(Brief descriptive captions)
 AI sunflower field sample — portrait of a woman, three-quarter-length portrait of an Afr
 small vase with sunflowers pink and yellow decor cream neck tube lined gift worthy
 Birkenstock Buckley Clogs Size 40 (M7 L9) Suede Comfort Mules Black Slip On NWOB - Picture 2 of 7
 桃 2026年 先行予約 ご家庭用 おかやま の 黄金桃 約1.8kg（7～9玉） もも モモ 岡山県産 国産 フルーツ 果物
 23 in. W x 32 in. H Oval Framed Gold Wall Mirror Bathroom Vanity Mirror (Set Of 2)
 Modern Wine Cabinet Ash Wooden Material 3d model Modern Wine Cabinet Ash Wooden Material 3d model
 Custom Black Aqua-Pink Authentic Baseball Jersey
---
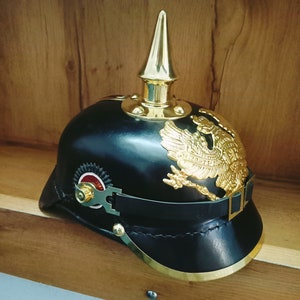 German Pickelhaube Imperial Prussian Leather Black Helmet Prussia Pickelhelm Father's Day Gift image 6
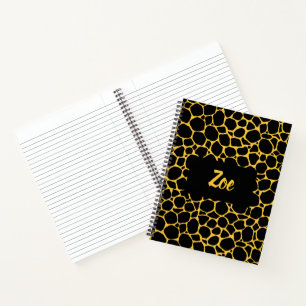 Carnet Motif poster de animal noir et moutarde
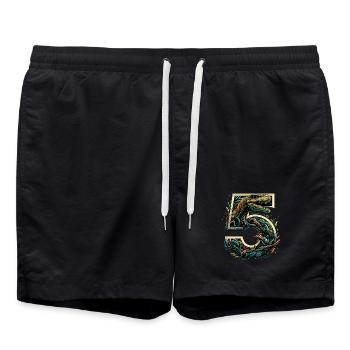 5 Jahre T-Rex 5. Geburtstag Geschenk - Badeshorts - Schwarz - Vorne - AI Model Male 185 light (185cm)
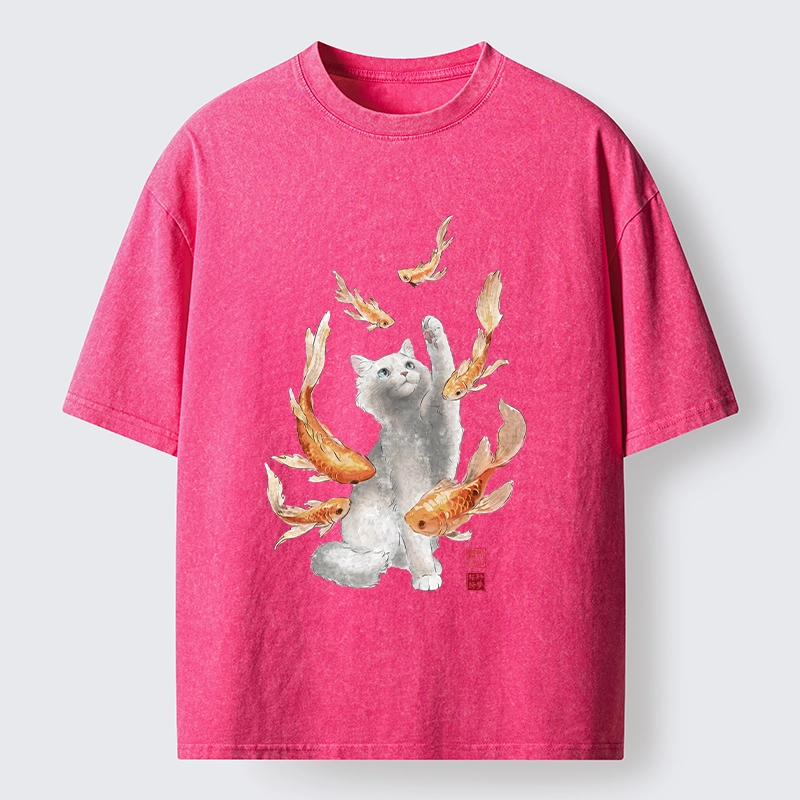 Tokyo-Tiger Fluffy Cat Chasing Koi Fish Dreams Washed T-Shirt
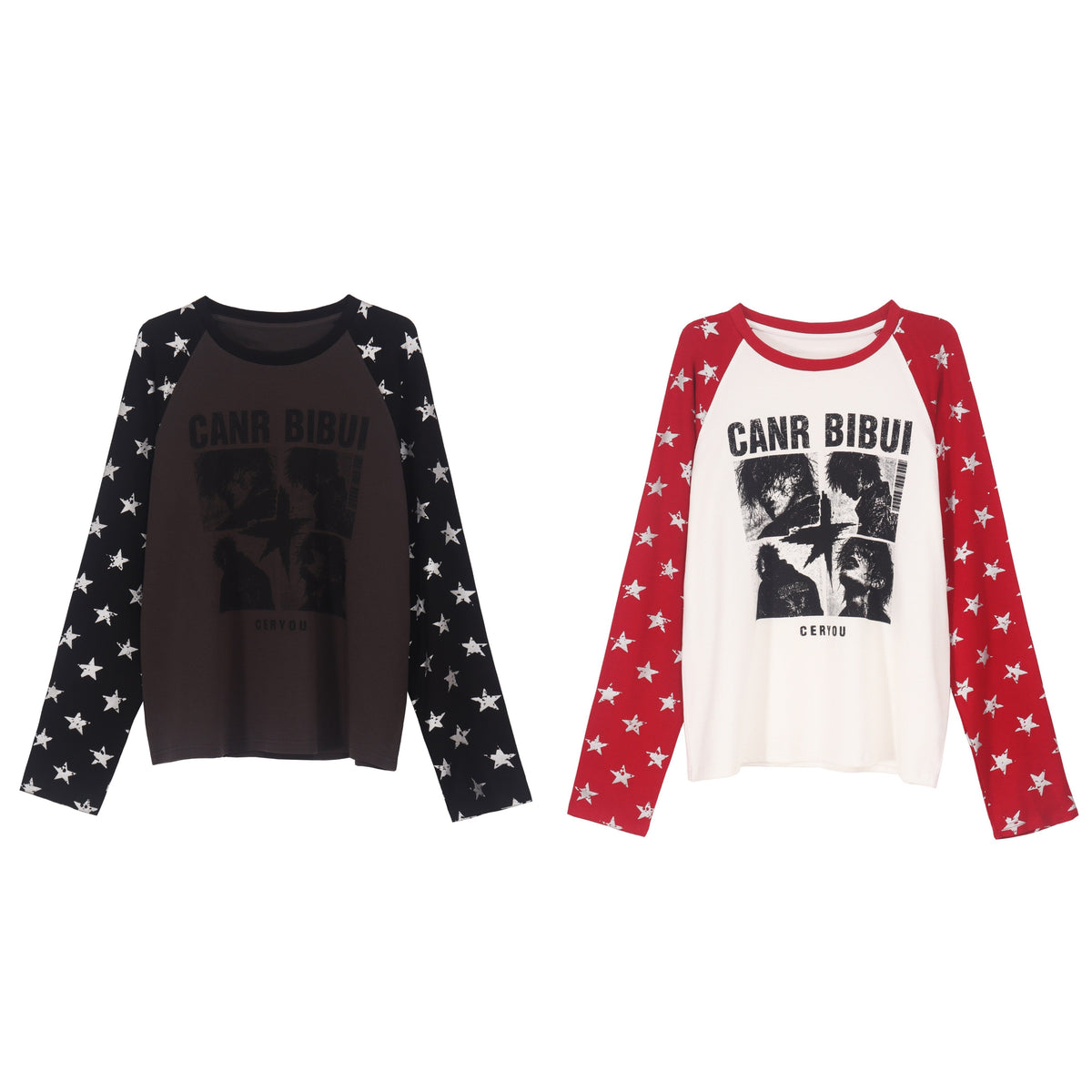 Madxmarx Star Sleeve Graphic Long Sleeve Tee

### About this exercise
Once you find the line with "small vase with" in the entries above, output it and each line after it up to and including the line with "桃 2026年 先行予約", and nothing else.

### Written solution
 small vase with sunflowers pink and yellow decor cream neck tube lined gift worthy
 Birkenstock Buckley Clogs Size 40 (M7 L9) Suede Comfort Mules Black Slip On NWOB - Picture 2 of 7
 桃 2026年 先行予約 ご家庭用 おかやま の 黄金桃 約1.8kg（7～9玉） もも モモ 岡山県産 国産 フルーツ 果物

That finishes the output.